The victim then came into an agreement with the suspects that their company would supply him (victim) 100 kilograms of raw gold valued at $1,000,000 at a cost of $32,000 dollars per kilogram. The suspects also assured the victim that they would help in the shipment of the gold to his company in Florida, United States. The suspects later took the victim to Nsawam, where they claimed their company was located, to survey the gold bars they had in stock.
The victim, who was impressed upon seeing and testing the gold, consequently requested that samples be given to him at a different cost to show to his partners in Florida on his return.
When the victim returned to the United States, as part of the agreement, he sent money to the suspects through the account of Wilberforce as part payment for the supply of the 100 kilograms of gold including the shipment fee for the consignment.
After waiting for some months without receiving the consignment, victim again travelled to Ghana to find out what was amiss.
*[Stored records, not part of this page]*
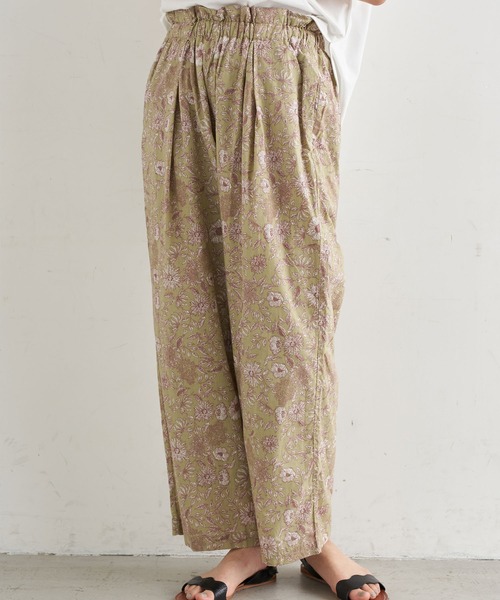 earth music&ecology（アースミュージックアンドエコロジー）の「気分は旅！パンツ ＊（その他パンツ・レディース・ピンクベージュ/ダークネイビー/ベージュ/カーキ・FREE）」の2枚目の写真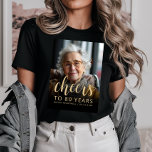 Custom Foto Cheers 80. Geburtstagsparty Tri-Blend Shirt<br><div class="desc">Dieser T - Shirt der 80. Geburtstagsfeier präsentiert den Ehrengast mit einem vergoldeten Textüberlagerungsstück. Das Wort "jubeln" erscheint in eleganter goldfarbener Kalligraphie-Schrift, gefolgt von "bis 80 Jahre" und dem Ehrengast und Geburtstag in serifenlosen Sans-Schriftart. Ein dunkler Bildschirm hilft, den Text-Pop zu machen. Eine tolle Art, jemanden zu feiern, der achtzig...</div>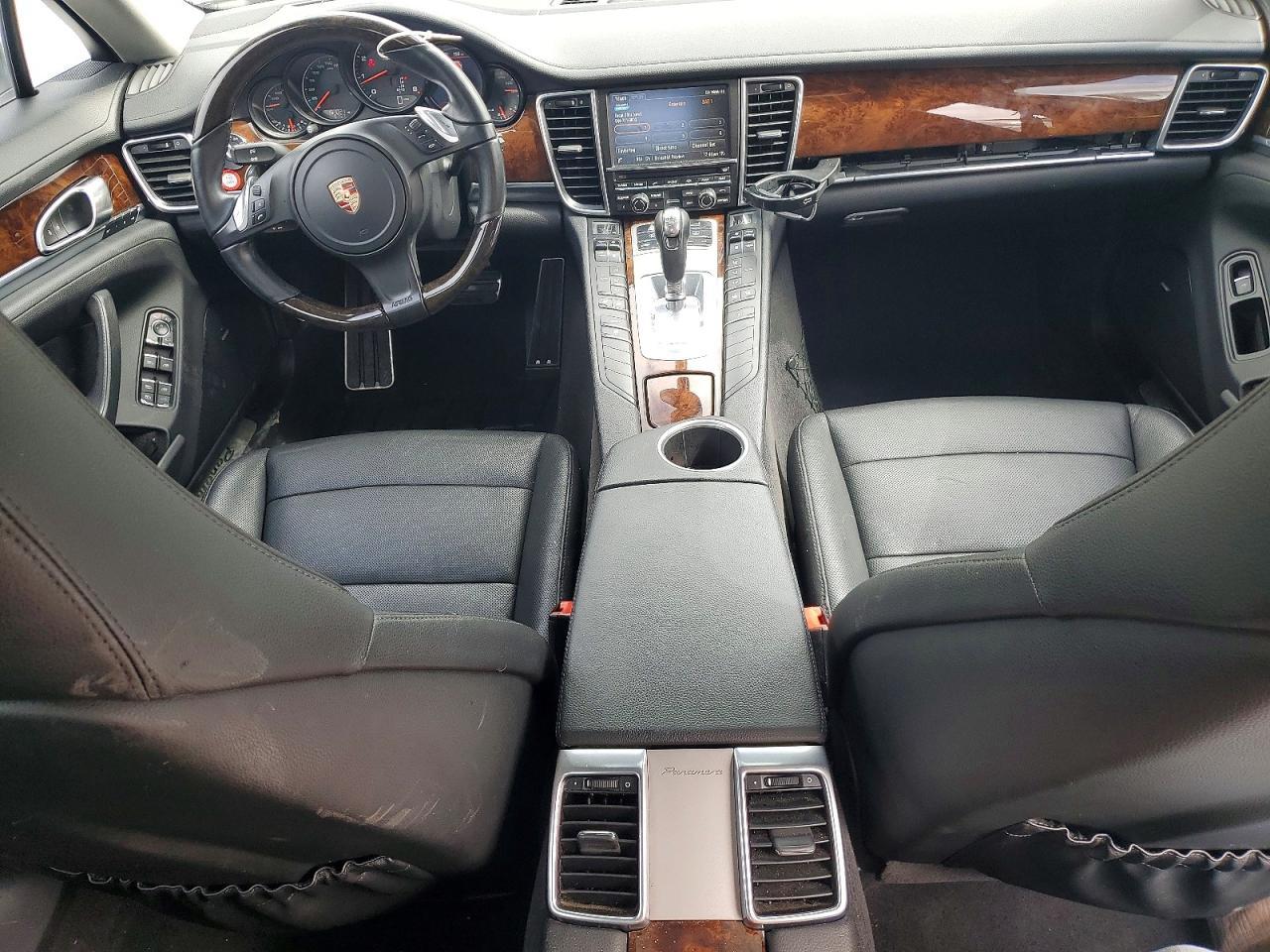 2014 Porsche Panamera 2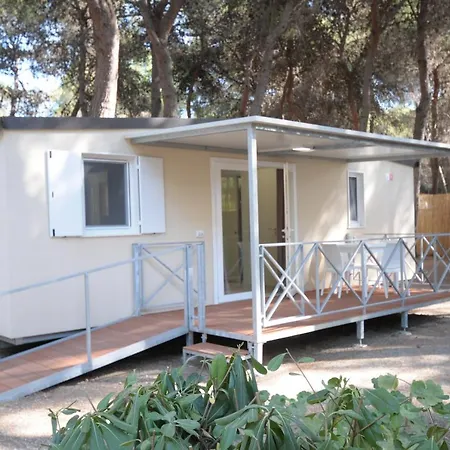 Castroboleto Village 3*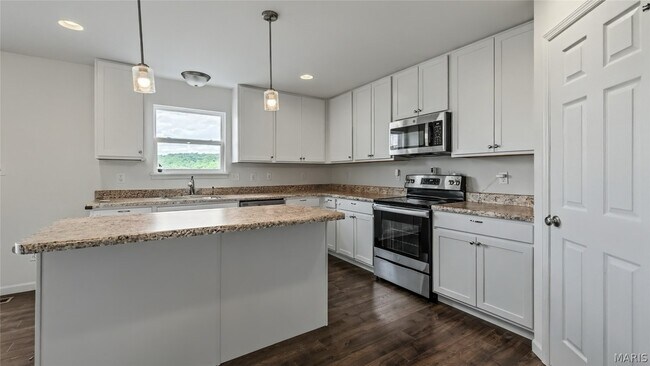 Building Photo - 351 Timber Valley Trail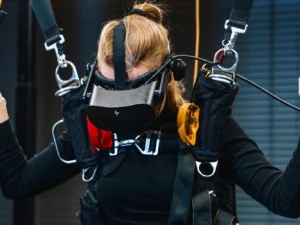 Seskok padákem ve špičkovém simulátoru v Hurricane Factory pro 1 i 2 osoby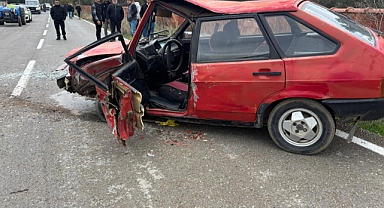 Havran’da Çift Taraflı Kaza: Araçta Sıkışan Yaralı Kurtarıldı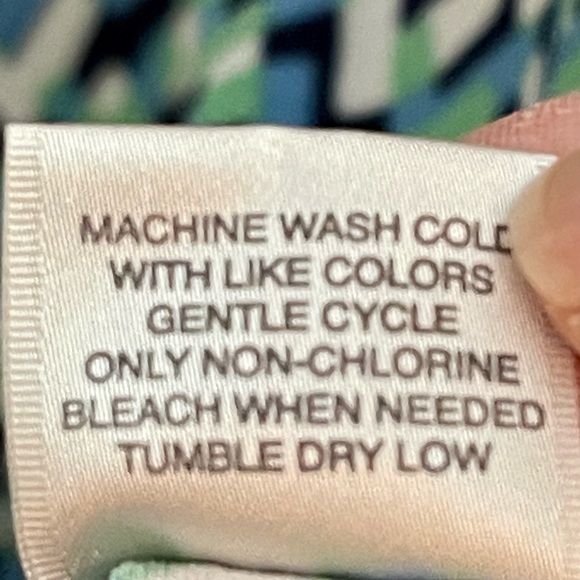 Womens Geometric Print top size m. short sleeves (C-24) - Picture 4 of 6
But the suspects told him that their brother by name John Boadu had placed an injunction on the consignment because he was not informed about the whole transaction.
The suspects then opened and showed the victim some gold bars locked in a box as being the consignment ready to be exported and demanded an additional $500,000 from him to be used in pacifying John to lift the injunction. The victim, however, sent the money to the suspects before the container containing the gold was later dispatched to him.
When he finally opened the box on arrival at the Amsterdam Port, it was detected that the container only contained an iron substance and not gold. A case was lodged with the police by the suspect at Amsterdam and Ghana respectively.
Ghana Police mounted surveillance on the suspects and grabbed them at La Palm Royal Beach Hotel, where they had attempted to defraud another victim. The new Range Rover belonging to Lance Corporal Seth Dzamasi was also seized by the police.
Upon interrogation, the suspects admitted to the act and mentioned the names of the three others, who are now at large, to the police. The suspects are now in police custody assisting in investigations.